## TASK REQUIREMENTS
Copy each line from the records below in which the word "Home" is found.
====================
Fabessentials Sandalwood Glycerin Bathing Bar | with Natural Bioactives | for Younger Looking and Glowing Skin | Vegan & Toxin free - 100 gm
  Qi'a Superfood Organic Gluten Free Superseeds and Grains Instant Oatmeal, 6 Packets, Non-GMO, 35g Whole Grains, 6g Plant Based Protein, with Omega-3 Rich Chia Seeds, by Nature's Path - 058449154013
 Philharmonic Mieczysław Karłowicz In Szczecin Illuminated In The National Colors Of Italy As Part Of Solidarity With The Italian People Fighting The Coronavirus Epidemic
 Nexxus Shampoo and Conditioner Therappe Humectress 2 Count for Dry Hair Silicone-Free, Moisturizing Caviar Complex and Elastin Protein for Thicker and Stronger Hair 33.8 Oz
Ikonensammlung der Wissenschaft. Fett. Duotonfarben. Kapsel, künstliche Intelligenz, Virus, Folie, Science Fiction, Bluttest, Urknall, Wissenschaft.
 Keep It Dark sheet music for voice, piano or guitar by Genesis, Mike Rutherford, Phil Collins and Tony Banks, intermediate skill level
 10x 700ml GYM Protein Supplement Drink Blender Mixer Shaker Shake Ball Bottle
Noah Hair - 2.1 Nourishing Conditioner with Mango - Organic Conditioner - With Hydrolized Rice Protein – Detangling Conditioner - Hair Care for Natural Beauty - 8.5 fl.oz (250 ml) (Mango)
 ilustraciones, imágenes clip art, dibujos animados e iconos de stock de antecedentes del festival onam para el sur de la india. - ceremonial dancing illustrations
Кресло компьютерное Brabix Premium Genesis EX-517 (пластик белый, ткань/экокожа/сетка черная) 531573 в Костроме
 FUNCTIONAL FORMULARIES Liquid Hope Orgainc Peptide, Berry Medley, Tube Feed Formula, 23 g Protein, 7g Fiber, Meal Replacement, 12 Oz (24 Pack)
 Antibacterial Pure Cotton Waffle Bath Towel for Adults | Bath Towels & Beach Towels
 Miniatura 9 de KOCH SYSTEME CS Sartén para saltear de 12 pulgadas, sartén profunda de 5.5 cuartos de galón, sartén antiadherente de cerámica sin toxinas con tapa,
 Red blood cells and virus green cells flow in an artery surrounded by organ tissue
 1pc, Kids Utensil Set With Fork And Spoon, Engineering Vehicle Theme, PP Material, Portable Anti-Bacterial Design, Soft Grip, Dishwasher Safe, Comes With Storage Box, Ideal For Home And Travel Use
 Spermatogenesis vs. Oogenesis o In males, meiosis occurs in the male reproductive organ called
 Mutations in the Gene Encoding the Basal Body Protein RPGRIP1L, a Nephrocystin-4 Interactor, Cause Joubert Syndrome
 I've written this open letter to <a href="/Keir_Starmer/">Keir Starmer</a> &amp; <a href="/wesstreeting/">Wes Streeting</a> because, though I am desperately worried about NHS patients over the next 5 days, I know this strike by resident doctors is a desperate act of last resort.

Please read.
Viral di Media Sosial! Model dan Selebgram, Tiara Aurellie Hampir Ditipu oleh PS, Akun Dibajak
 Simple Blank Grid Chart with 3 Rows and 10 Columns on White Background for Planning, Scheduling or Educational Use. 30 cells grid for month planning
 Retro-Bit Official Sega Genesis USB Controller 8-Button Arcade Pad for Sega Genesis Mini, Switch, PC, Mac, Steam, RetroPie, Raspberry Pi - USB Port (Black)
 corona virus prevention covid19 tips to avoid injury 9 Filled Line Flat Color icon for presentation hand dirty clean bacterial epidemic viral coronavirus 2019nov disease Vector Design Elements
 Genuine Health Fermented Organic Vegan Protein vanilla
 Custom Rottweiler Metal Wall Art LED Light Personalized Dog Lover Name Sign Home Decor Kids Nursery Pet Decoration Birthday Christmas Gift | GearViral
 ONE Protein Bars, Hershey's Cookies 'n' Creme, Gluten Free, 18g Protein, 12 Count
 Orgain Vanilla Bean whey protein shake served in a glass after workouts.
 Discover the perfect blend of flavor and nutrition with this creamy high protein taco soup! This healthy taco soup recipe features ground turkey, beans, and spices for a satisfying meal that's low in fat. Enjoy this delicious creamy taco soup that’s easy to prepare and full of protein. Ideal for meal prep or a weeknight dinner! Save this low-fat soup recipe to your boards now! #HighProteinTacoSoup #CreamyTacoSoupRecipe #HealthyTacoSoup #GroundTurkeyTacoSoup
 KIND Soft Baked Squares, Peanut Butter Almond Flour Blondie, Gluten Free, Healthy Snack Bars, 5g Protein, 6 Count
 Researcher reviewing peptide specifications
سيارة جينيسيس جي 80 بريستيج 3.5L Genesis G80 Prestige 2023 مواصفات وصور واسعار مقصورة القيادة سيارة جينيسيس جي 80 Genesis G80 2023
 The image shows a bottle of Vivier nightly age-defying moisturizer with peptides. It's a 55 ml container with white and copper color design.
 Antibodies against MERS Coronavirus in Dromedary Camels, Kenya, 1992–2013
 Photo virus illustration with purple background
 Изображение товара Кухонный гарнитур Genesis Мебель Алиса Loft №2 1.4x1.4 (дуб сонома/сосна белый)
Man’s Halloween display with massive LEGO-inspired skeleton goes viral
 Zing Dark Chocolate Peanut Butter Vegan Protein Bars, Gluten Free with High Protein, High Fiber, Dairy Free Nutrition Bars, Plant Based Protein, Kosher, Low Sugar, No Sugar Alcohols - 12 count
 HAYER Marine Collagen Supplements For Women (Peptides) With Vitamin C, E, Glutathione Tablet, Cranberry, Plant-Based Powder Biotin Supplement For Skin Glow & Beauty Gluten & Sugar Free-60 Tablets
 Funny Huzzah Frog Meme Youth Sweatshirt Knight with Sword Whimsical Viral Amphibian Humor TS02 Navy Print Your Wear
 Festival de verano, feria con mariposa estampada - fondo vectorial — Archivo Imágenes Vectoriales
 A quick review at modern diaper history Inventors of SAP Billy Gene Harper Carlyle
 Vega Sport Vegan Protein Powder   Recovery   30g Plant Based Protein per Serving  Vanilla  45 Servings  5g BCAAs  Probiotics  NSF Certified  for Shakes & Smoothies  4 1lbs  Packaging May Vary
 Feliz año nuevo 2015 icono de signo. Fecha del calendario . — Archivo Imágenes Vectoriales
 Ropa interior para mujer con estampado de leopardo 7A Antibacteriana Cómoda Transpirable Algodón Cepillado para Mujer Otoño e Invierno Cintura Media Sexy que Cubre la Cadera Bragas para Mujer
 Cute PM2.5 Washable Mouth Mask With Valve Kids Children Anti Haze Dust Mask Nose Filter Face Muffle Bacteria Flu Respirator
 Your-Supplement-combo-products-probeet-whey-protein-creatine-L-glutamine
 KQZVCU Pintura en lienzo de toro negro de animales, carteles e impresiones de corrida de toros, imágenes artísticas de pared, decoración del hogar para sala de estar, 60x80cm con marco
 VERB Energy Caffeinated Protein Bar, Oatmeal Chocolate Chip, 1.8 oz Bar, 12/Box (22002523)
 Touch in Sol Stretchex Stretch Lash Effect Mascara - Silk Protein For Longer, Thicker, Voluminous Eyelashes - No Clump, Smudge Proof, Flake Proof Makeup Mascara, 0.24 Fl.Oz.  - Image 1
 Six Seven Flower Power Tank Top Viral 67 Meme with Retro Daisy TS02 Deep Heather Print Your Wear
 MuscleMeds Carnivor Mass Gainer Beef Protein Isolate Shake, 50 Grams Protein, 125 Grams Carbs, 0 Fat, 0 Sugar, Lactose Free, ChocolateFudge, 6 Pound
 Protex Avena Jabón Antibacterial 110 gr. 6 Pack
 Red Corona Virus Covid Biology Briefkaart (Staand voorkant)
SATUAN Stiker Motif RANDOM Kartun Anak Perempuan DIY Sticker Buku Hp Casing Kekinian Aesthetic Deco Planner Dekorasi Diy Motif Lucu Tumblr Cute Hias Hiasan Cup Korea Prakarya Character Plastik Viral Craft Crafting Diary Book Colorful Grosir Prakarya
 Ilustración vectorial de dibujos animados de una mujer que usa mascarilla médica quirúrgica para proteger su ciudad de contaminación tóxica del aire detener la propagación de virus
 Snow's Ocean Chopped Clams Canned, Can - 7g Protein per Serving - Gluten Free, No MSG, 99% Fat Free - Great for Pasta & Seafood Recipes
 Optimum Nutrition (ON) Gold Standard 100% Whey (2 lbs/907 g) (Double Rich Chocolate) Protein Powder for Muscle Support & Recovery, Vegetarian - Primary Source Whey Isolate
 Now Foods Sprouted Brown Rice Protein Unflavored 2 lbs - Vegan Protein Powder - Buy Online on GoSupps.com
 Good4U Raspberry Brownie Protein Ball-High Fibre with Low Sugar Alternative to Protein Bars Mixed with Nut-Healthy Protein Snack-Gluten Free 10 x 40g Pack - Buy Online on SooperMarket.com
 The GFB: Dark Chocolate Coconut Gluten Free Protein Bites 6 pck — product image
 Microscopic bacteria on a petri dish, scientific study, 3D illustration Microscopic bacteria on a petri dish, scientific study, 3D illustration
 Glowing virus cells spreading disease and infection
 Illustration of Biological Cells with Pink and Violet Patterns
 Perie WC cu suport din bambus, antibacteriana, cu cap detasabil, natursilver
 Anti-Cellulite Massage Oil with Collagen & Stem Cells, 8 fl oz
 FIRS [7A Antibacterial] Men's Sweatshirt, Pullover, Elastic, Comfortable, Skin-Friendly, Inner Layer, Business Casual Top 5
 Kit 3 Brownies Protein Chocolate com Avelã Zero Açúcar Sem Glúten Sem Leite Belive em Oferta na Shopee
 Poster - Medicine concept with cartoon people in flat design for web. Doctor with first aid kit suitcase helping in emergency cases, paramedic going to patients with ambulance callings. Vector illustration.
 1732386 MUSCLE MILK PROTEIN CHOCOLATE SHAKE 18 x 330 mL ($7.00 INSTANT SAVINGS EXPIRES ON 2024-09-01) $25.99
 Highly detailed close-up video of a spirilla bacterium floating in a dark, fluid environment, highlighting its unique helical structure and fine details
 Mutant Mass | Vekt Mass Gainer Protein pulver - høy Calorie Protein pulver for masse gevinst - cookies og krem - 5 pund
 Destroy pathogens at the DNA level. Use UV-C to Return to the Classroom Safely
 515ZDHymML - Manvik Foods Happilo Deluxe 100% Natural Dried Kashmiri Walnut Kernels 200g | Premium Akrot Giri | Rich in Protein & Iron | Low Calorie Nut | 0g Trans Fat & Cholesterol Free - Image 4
====================
## TASK RESPONSE
 1pc, Kids Utensil Set With Fork And Spoon, Engineering Vehicle Theme, PP Material, Portable Anti-Bacterial Design, Soft Grip, Dishwasher Safe, Comes With Storage Box, Ideal For Home And Travel Use
 Custom Rottweiler Metal Wall Art LED Light Personalized Dog Lover Name Sign Home Decor Kids Nursery Pet Decoration Birthday Christmas Gift | GearViral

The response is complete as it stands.